In my spare time, I’ve taken an interest in digital art, especially fractal art. From there, I learned about Ultra Fractal, and later Apophysis. My interest in artistic endeavours later spread to photography with the purchase of a Canon Powershot A95.
I have deviantArt and digital blasphemy to thank for getting me interested in digital art. The former for the unlimited free webspace allowed (a novel concept at the time), and the latter for making me think, “I can do better than that.” Thus, I found a fractal program and got busy.
Since then, I’ve created several prints and made enough money to buy a couple pizzas. By no means is this a day job-I’d starve-but it is an opportunity to create beauty.
Digital Editing
There are tools every artist uses; from the fractal artist, the photographer, the photo manipulator, to the guy in his mom’s basement making anime wallpapers; they all use Adobe Photoshop or the equivalent. At $600 per copy, it’s usually pirated by individuals, while major companies may own a few licences. It’s cheaper to buy a computer than it is to put Photoshop on it. There are several free alternatives, of course; Paint.NET and GIMP are both solid applications.

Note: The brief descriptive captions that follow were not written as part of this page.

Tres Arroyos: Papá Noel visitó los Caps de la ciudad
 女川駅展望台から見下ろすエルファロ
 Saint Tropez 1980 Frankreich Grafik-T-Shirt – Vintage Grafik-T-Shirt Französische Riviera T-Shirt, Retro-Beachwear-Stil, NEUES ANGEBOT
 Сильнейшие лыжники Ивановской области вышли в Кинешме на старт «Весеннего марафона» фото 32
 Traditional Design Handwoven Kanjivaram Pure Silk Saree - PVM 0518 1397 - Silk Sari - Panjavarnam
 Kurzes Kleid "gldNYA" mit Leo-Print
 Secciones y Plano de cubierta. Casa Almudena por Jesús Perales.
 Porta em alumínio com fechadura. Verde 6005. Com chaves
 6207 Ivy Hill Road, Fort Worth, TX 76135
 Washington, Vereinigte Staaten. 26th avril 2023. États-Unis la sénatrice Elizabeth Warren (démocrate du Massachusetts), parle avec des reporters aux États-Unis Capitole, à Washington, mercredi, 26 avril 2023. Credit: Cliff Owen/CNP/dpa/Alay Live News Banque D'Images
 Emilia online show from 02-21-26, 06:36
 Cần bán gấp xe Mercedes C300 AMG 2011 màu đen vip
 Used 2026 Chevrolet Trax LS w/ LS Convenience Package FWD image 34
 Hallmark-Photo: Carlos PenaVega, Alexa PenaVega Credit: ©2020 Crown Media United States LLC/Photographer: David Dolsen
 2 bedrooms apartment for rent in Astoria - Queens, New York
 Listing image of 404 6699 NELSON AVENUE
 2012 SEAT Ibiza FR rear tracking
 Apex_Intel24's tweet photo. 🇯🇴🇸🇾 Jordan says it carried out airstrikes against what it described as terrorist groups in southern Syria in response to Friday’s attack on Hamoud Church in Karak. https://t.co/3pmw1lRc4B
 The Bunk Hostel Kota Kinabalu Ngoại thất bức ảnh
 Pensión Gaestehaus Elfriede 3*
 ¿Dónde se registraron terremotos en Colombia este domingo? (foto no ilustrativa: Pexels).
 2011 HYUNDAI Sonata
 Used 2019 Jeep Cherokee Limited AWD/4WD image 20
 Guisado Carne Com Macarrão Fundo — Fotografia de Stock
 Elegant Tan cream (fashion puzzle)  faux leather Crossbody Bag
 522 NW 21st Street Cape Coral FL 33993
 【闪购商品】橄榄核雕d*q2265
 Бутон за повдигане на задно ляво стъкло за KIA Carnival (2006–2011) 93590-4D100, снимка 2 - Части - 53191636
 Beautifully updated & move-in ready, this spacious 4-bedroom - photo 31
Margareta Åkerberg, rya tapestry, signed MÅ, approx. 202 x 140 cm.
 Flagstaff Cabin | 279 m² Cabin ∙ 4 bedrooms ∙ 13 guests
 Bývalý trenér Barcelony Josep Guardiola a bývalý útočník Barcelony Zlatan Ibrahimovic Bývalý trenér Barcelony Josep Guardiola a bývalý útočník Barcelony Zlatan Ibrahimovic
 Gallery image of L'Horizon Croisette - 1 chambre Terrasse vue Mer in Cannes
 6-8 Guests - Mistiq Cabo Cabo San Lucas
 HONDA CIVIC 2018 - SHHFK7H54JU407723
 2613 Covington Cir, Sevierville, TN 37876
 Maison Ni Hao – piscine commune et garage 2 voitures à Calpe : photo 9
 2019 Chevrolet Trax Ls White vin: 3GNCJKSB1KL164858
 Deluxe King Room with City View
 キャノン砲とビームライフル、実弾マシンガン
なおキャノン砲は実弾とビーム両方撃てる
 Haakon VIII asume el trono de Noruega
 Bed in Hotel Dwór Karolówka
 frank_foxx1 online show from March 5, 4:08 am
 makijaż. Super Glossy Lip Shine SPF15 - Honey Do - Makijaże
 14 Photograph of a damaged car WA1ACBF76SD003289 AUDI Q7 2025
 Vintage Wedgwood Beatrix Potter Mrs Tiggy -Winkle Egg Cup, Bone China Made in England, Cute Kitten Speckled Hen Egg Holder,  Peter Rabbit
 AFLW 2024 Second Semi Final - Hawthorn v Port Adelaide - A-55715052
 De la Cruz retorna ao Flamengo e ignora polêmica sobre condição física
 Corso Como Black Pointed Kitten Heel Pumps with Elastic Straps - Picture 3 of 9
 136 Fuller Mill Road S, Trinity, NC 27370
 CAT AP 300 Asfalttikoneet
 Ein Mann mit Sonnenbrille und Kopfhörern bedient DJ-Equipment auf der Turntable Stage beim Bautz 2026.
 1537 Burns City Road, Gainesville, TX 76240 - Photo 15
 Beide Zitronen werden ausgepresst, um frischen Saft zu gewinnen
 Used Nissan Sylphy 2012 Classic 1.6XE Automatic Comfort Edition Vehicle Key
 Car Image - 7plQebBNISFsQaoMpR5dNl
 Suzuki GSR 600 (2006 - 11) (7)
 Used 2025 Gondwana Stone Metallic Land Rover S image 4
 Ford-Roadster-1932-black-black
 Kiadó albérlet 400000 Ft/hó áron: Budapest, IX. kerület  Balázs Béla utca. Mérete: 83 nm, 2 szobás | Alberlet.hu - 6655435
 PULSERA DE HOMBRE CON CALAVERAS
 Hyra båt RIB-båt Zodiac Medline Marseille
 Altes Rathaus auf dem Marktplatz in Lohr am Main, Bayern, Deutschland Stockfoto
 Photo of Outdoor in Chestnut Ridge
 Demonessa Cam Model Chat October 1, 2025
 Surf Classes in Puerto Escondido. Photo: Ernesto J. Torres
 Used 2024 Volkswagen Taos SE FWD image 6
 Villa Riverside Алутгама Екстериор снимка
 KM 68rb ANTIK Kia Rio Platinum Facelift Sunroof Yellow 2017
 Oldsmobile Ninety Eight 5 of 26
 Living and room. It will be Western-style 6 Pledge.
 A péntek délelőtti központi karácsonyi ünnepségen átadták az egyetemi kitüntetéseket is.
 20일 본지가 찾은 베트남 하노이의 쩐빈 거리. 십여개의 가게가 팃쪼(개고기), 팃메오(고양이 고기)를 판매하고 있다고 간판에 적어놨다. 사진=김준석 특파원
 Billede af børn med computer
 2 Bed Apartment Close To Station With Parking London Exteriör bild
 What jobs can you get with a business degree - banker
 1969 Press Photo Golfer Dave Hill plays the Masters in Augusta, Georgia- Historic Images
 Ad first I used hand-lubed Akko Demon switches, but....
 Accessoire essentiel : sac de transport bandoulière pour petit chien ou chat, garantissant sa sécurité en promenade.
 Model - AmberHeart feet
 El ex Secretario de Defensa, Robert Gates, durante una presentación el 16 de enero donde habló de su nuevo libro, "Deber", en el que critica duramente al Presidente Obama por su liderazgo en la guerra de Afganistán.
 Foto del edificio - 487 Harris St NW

A free program I strongly reccomend is Neat Image. It’s designed to remove noise from photographs, but I’ve found great success applying it to fractal art.
Fractals
Apophysis 2.0 (free) is my almost-exclusive fractal program of choice. While it doesn’t have the excellent render times of Ultra Fractal 4.0 ($59 or $129). Large prints take up to a month to render in Apophysis, but they are much more beautiful and organic than images generated in Ultra Fractal. Price was also an important part of that decision.